What does it mean for U.S. citizens? Americans with disabilities face barriers and discrimination when traveling or studying abroad. By ratifying the CRPD, the U.S. will reduce barriers globally and ensure that Americans have the same access they enjoy in the U.S. when they travel to or study in other countries.
In 2013, ratification failed by just five votes. Sens. Dan Coats and Joe Donnelly have a unique opportunity to show the U.S. supports disability rights throughout the world by voting for ratification of the CRPD. We look forward to thanking them for that support.

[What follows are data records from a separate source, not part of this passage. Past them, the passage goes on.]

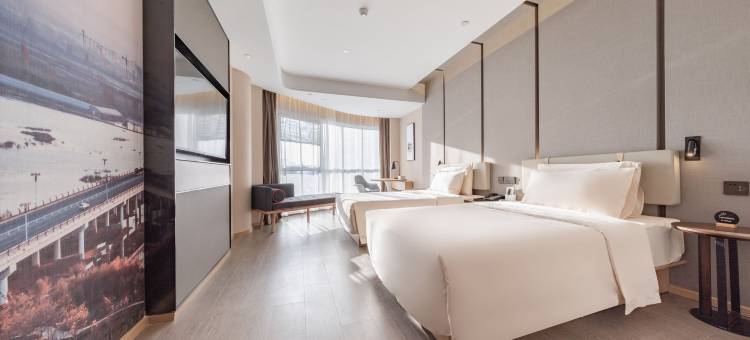 日照万平口东夷小镇亚朵酒店图片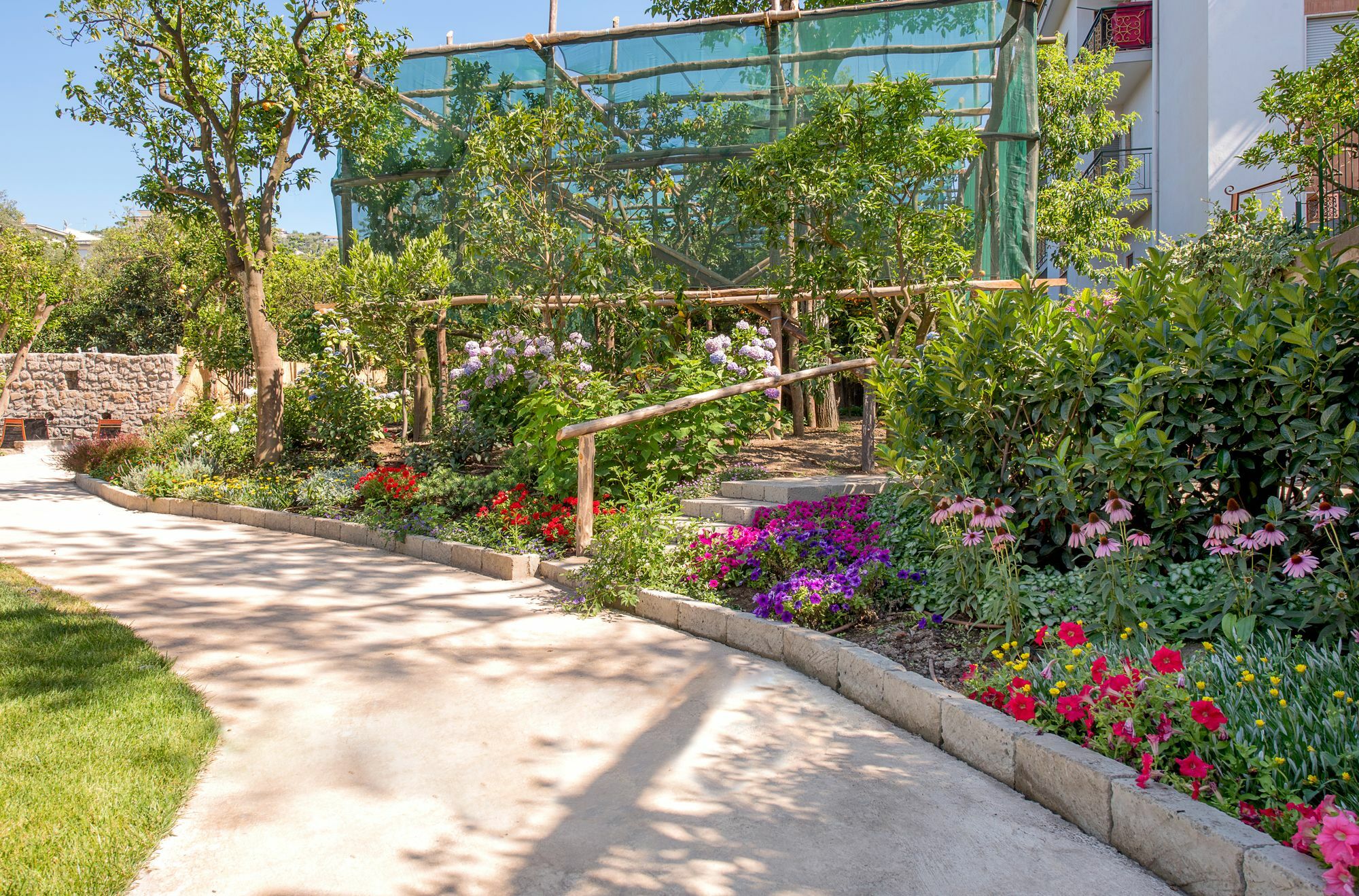 Don Antonino Relais Hotel Sorrento Exterior photo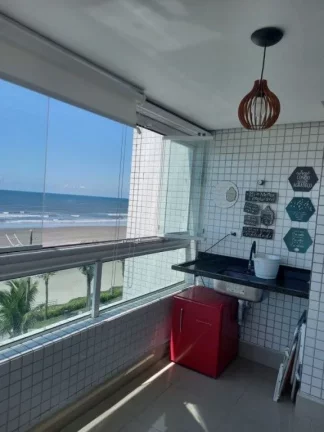 Imagem Apartamento à Venda em Solemar, Praia Grande - SP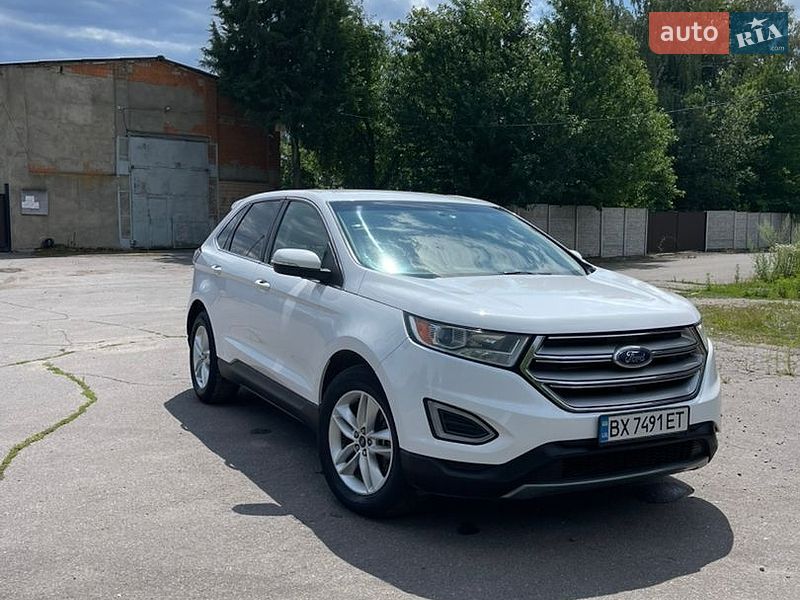 Позашляховик / Кросовер Ford Edge 2015 в Вінниці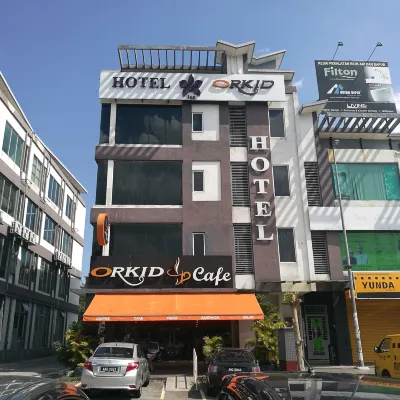 Orkid Inn Mahkota Cheras Hotels near Sungai Long Lake View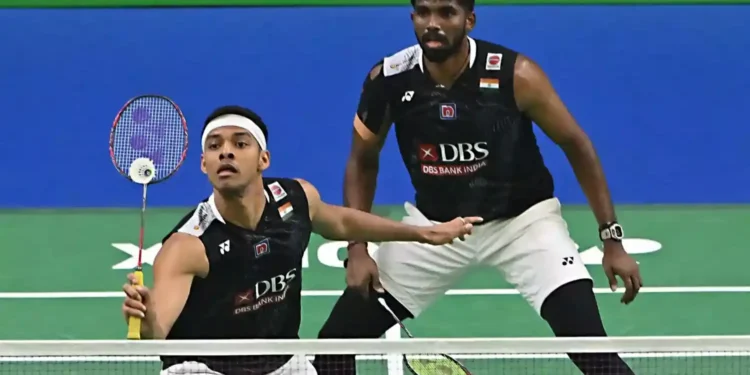 Indian Trio Shines at Hong Kong Open: Lakshya, Satwik-Chirag, Ayush Shine in Quarterfinals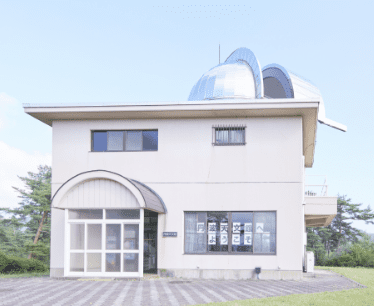 京都府立丹波自然運動公園 丹波天文館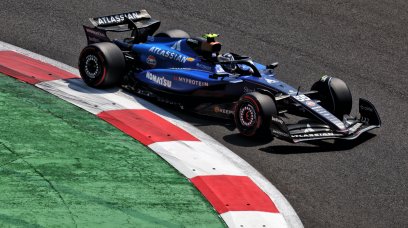 Sainz Mexico FP3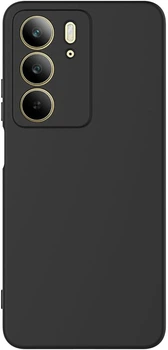 Чохол для смартфона BeCover для Realme C75 Black (BC_713017)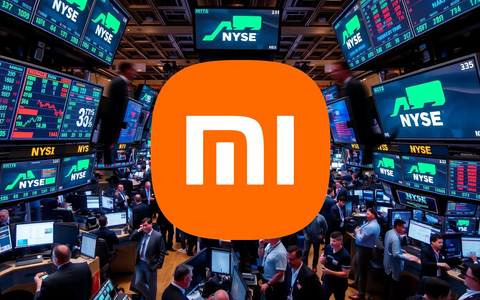 Xiaomi's Gaming Gambit Meets a Market in Retreat - Foto: über boerse-global.de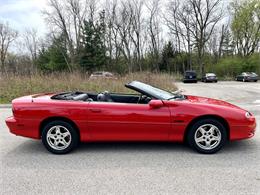 2000 Chevrolet Camaro (CC-1970536) for sale in Arlington Heights, Illinois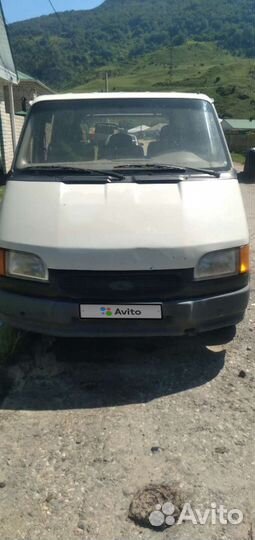 Ford Transit 2.0 МТ, 2000, 350 000 км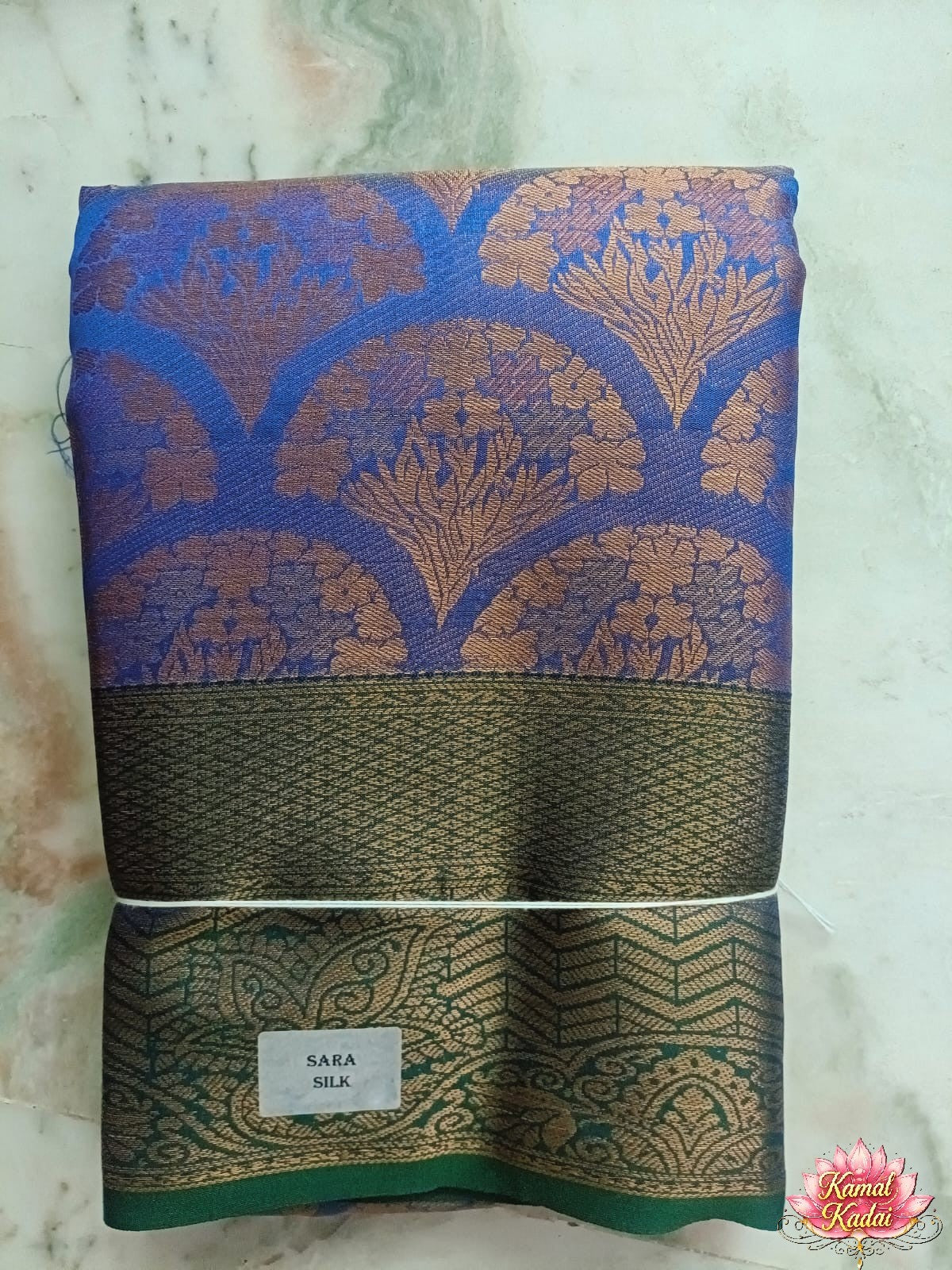 Bangalore Silk Saree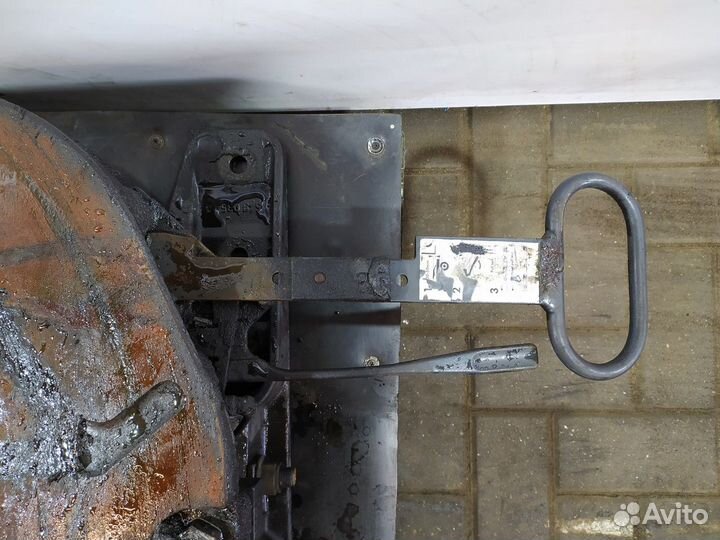 Седло George Fisher 190 мм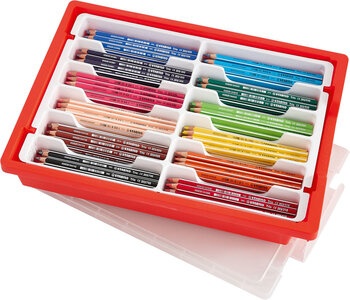 Produktbild von Ausstattungskasten STABILO® Trio® Dick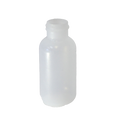 Load image into Gallery viewer, 1 oz Boston Round bottle LDPE with a 20/410 neck in natural
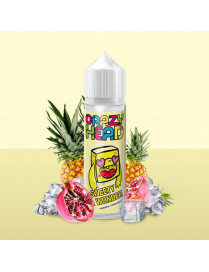 Sweety Wonder 0mg 50ml - Flavor Hit | E-liquide grenadine, ananas et fraîcheur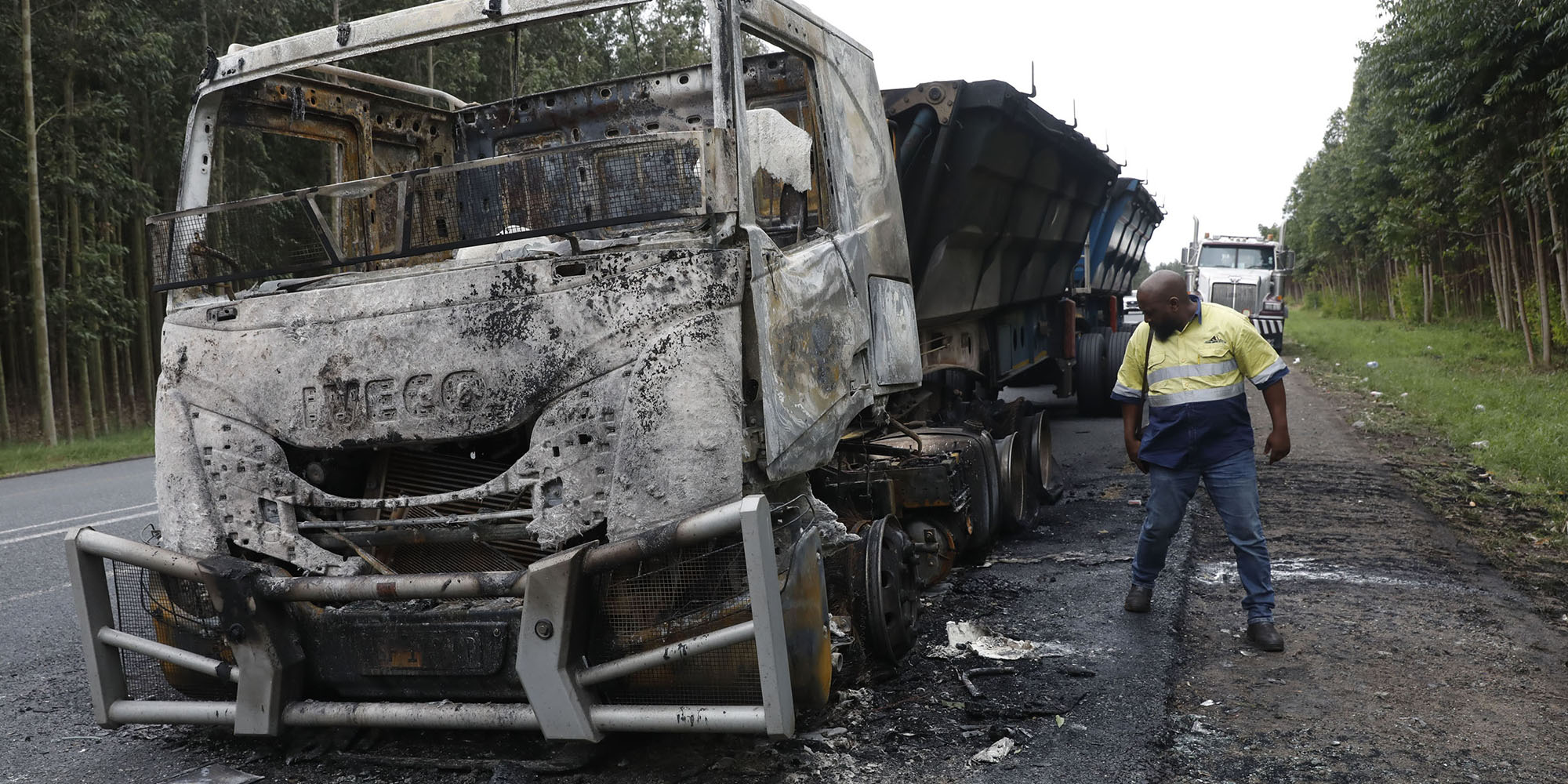 After the Bell: Truck braais and the social compact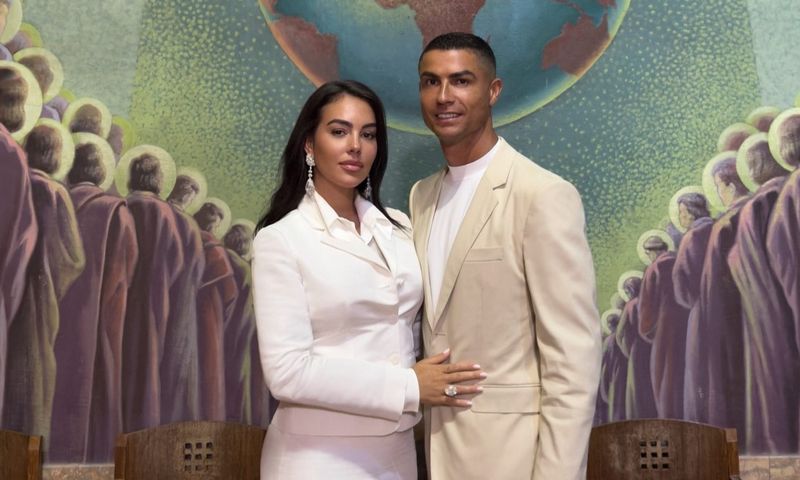 Cristiano Ronaldo și Georgina Rodríguez/ Foto: Instagram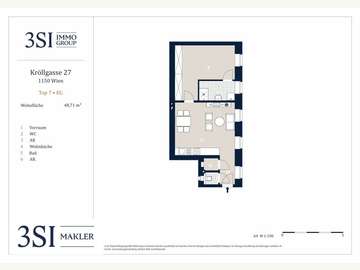 Wohnung in Wien Bild 09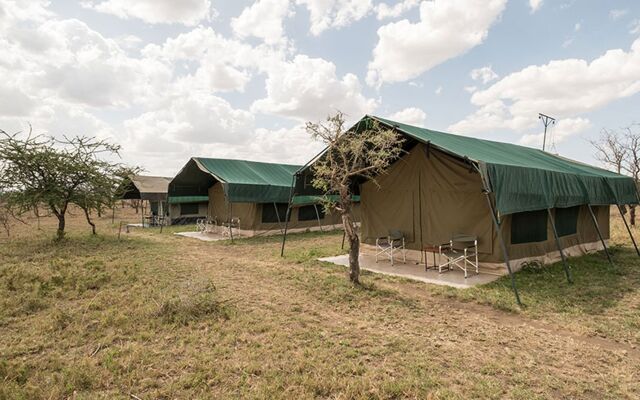 Serengeti Wild Camps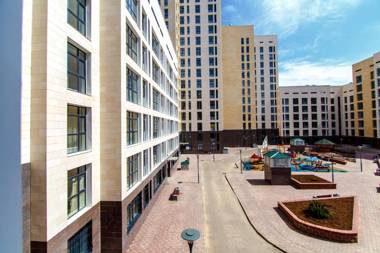 Apartments Promenade Expo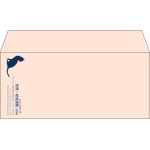 【既製品】洋4(235x105mm)（〒枠なし）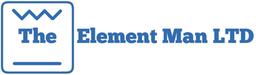 The Element Man's Logo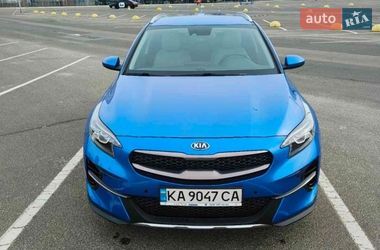 Хетчбек Kia XCeed 2020 в Києві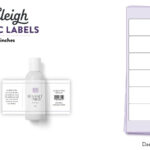 Free Small 2 Oz Bottle Label Templates For Word, Canva, Adobe Regarding Printable Label Sheets For Bottles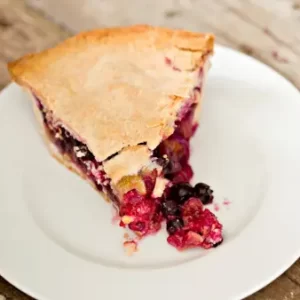Pie Personality Quiz Marionberry pie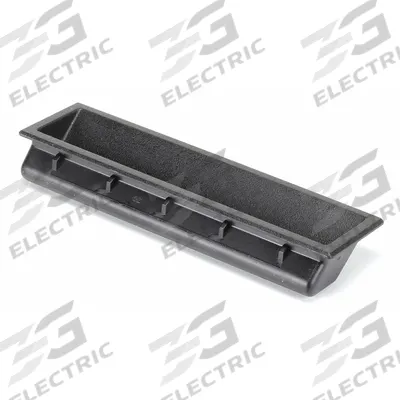 CRES COR Recessed Handle: Mfr Part # 0911087 - Cres Cor Oven Replacement Parts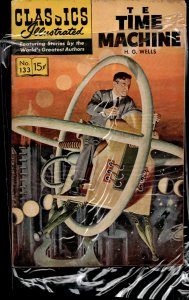 Classics Illustrated #133 (1956)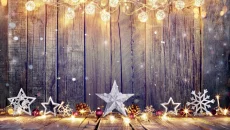 Новогодние фотозоны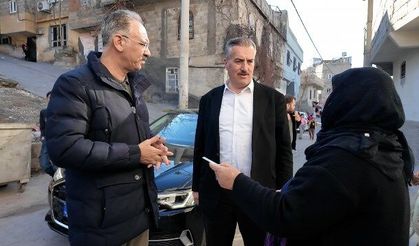 EYYÜBİYE BELEDİYESİ’NİN DESTEKLERİ AİLELERİN YÜZÜNÜ GÜLDÜRÜYOR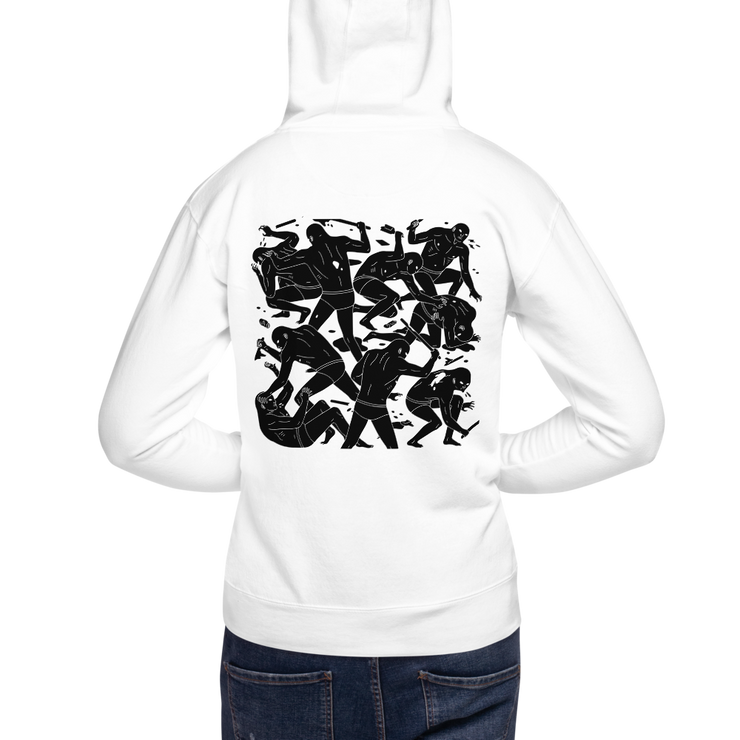 Hood Theory x James Caimen (AToF) Unisex Premium Hoodie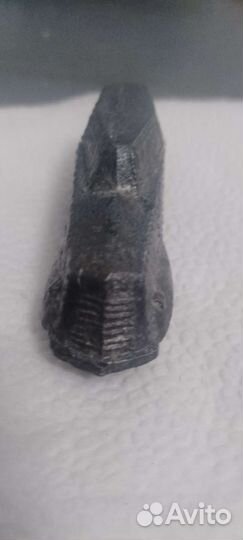 Оловянная машинка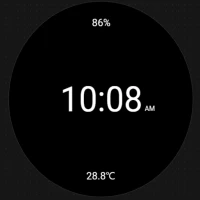 Simple Watch Face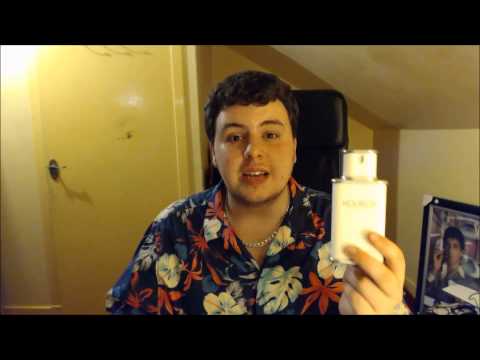 Fragrances with Lex - Kouros (Vintage) by Yves Saint Laurent (1981)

JOHN DICKERSON Executive director The Arc of Indiana
Benghazi tragedy ignored in Zimmerman debate
I watched both of President Barack Obama’s speeches on the George Zimmerman verdict and to me both were borderline racial incitement.
I’m 73 years old, a female and white. When I was a teenager and even in my early twenties, I was followed while in some stores, too. Was it because I was fat or was it because I was ugly? Or maybe it was that person’s job to check me out for whatever reasons he or she might have had. Shoplifting or damaging goods or whatever they were told to watch out for.
I’ve seen locked car doors (back then they didn’t click like today) but never thought it was because of me. I was taught at an early age to lock car doors because of important papers and items in the glove compartment or things like jackets or sweaters left behind that we didn’t want stolen. I live in an all-white farm community.
What happened in the Zimmerman case is a tragedy, and I hope that we will learn from it. But what about the four Americans who were murdered in Benghazi? Will justice ever be done for them?
The president made speeches about Benghazi too, only they weren’t true. Lies were told over the bodies of the four dead Americans without blinking an eye. The families of the four dead Americans still haven’t heard the truth from him about that.
I hope that everybody involved in that cover-up will hear the screams and cries of those Americans for as long as they live.
MARGIE WHITAKER Fort Wayne
Livable wage benefits worker, company, government
Thank you, employers large and small, for giving Americans the opportunity to work, live and dream of a better tomorrow.
How dare the federal government poke its nose into the hundred thousand, millions or billions the company earns? Hardly anyone recognizes this value or sees the wages the company and the employee agree is between the company and the employee.
If the employee does not earn a livable wage and needs to apply for government programs for basic needs, the government is asking: Why are we paying to support working people?
Come on, companies large and small, think of it this way: You would save time and manpower if the company did not have to set up a complete operations department designed to assist the employee with obtaining the benefits of the federal programs. Everyone should earn a livable wage ($13.18 for one individual). Do the math.